● **INFORMATION GIVEN**:

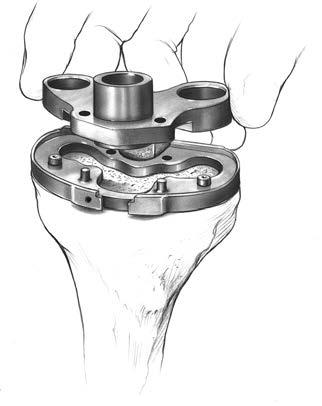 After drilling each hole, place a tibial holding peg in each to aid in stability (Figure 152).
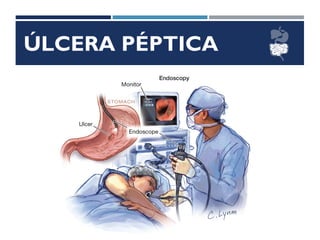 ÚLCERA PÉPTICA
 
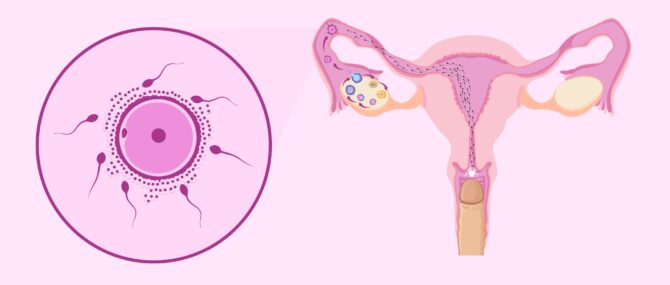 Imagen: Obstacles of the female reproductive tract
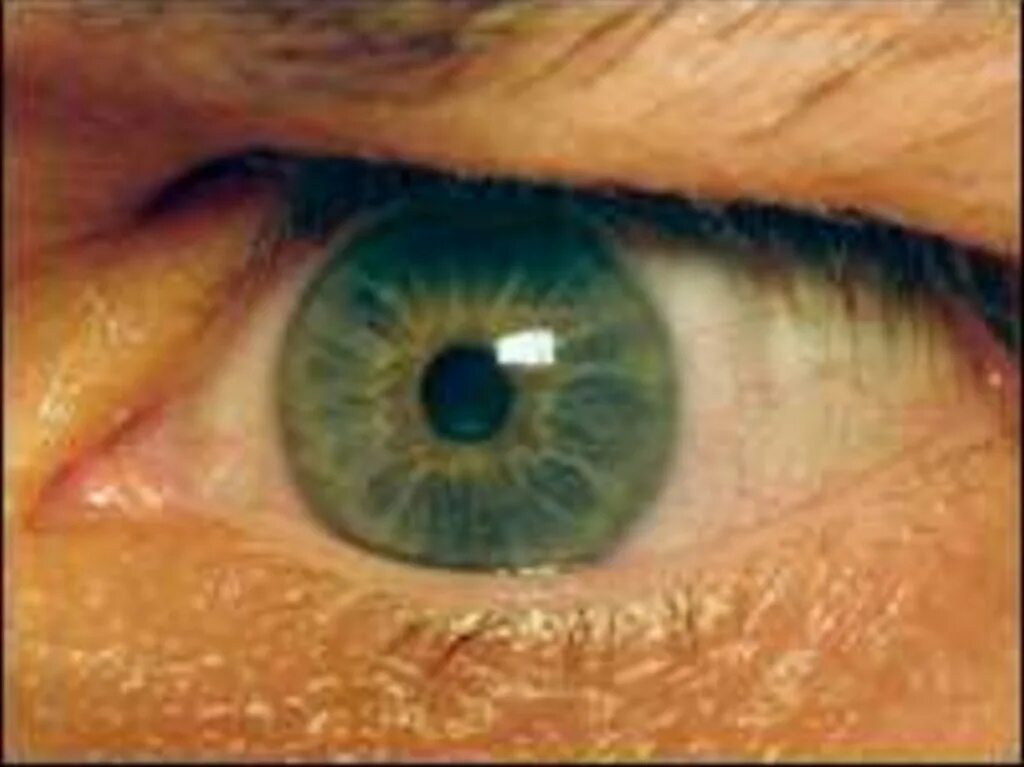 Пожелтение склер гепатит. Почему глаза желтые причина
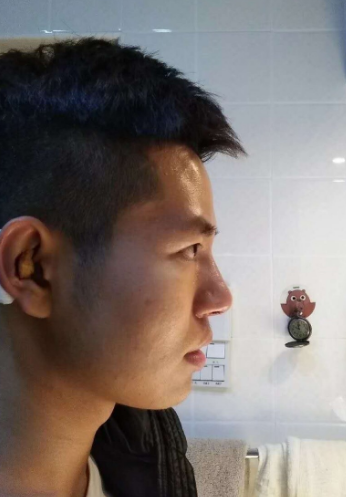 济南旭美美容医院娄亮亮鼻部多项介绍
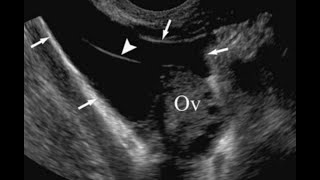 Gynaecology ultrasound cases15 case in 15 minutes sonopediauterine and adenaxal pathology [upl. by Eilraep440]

● **TASK DESCRIPTION**: Give an exact copy of the entries, excluding all pictures.

● **FINISHED TASK**:
 After drilling each hole, place a tibial holding peg in each to aid in stability (Figure 152).
 ÚLCERA PÉPTICA
 
 Imagen: Obstacles of the female reproductive tract
 Пожелтение склер гепатит. Почему глаза желтые причина
 济南旭美美容医院娄亮亮鼻部多项介绍
 Gynaecology ultrasound cases15 case in 15 minutes sonopediauterine and adenaxal pathology [upl. by Eilraep440]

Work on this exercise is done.